Sermons, hymns, meditations and other musings to guide our annual pilgrim's progress through the liturgical year.

Sunday, April 17, 2022

WHO SHALL ROLL AWAY THE STONE?

 A SERMON FOR EASTER SUNDAY


Very early on Sunday morning, three women went to the Holy Sepulcher where our Lord had been lain on Friday afternoon.  They hadn’t had the time to anoint his body on that awful day.  Our Lord had died at three in the afternoon, and the few hours that followed before sunset and the start of the sabbath were filled with the sad task of taking his body down from the cross and wrapping it quickly in his burial shroud.  Nor had they been able to perform the ritual anointing on the intervening Saturday, as that was the feast of Passover and the strict Mosaic laws were still being enforced.  And so, very early on Sunday, these three women, Mary Magalene, Mary the mother of James, and Salome, showed up at the Holy Sepulcher, all ready and eager to anoint the body of our Lord at last.

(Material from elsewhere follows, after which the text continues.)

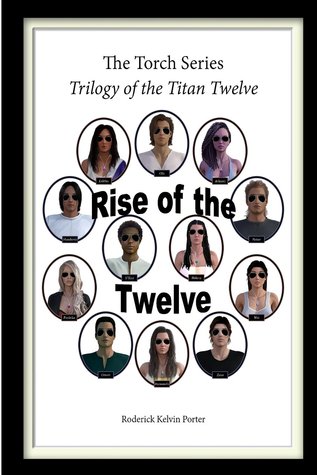 Trilogy of the Titan Twelve: Rise of the Twelve (The Torch Series #1)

Perhaps it was their enthusiasm to finally accomplish this final service to their Lord that made them forget one very important problem that would prevent them from doing it.  A “very great stone” had been placed at the entrance to the tomb, far too heavy for these three women to roll away themselves.  As they approached the sepulchre, it finally occurred to them that they wouldn’t be able to do what they came for, and they asked each other “Who shall roll us away the stone from the door of the sepulcher?”

However, when they arrived, they saw that the stone had already been rolled away.  They had come to perform a holy task, believing it to be the right thing to do, God’s holy will.  And somehow, the one obstacle in their path had been removed, by means unknown.  Knowing the rest of this story and what comes next, we are well aware that the removal of the great stone was an act of God, an essential part of the story of the Resurrection. 

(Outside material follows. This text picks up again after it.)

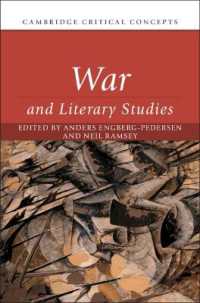 戦争と文学研究（ケンブリッジ重要概念）<br>War and Literary Studies (Cambridge Critical Concepts)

We take it for granted that they were engaged in doing God’s holy will, and that therefore he made it possible for them to complete their task by rolling away the stone.  There’s something fundamentally wrong with this assumption.  It was not God’s will that they should anoint the lifeless corpse of his Son.  Christ was risen!  Yes, he rolled away the stone, but it was for an entirely different purpose.  It was so that they could enter the tomb to hear the message of the angel “He is risen, he is not here: behold the place where they laid him.”  Instead of performing a sad ritual that Easter morning, they were instead privileged to be the first to hear the good news of the Resurrection.

How many times has this happened in our own lives.  We try so hard  to do the right thing, and instead of accomplishing the good things we set out to do, we encounter instead all manner of obstacles that  prevent us from doing what we assume to be God’s holy will.  We want to do good, to pursue our intentions of following God’s will.  And yet, almost inevitably, a great stone stands in our way and we are not able.

Instead of wallowing in self-pity because things don’t go our way, things we believe are of God and for God, we should pause and reflect on today’s Gospel and realize there may be a very good reason why God does not roll away the stone that gets in our way.  We should never presume, as the three holy women may have done, that God will intervene, or maybe send someone along to make everything go smoothly.  God alone knows when his intervention is truly for the best, and will help us out when he sees fit.  And we should never presume that just because we are doing a good thing, it is God’s will that we do it.  He may have a completely different path that he wants us to tread, and for a far more important reason.

Three women went to the tomb that Sunday morning.  Are we perhaps a little surprised that the Blessed Mother was not one of them?  The reason now perhaps becomes a little clearer—for starters, she alone had the faith to know he would not be there.  She was acquainted far better than anyone else with the true will of God, and so she knew God’s will was not that she could go to an empty tomb to anoint a body that wasn’t there.  Perhaps she had already witnessed the first apparition of her Son early that Sunday morning?  The Scriptures do not mention this event, but it seems most likely, and is the general consensus among the Fathers of the Church, that this would have happened.  Our Blessed Lady is always the one whose example we should follow, and so whenever we place our trust in God, we shouldn’t scurry around presuming to know his will.  We should rather be at peace, understanding that God will somehow make his will known to us if we take the time to listen.  God may or he may not move away any stones that obstruct our path, but if we follow our Lady in trusting divine Providence, we can be sure that he will bring us to the desired goal he wants us to attain.  God can and will move any stones out of our way if he wants to, but even if he does, it may not be so that we can accomplish what we set out to do, but rather so that we can find what God really wants us to do.  Let’s pray this Easter that we may find our way, the way of God, so the heavy stones in our path may be removed.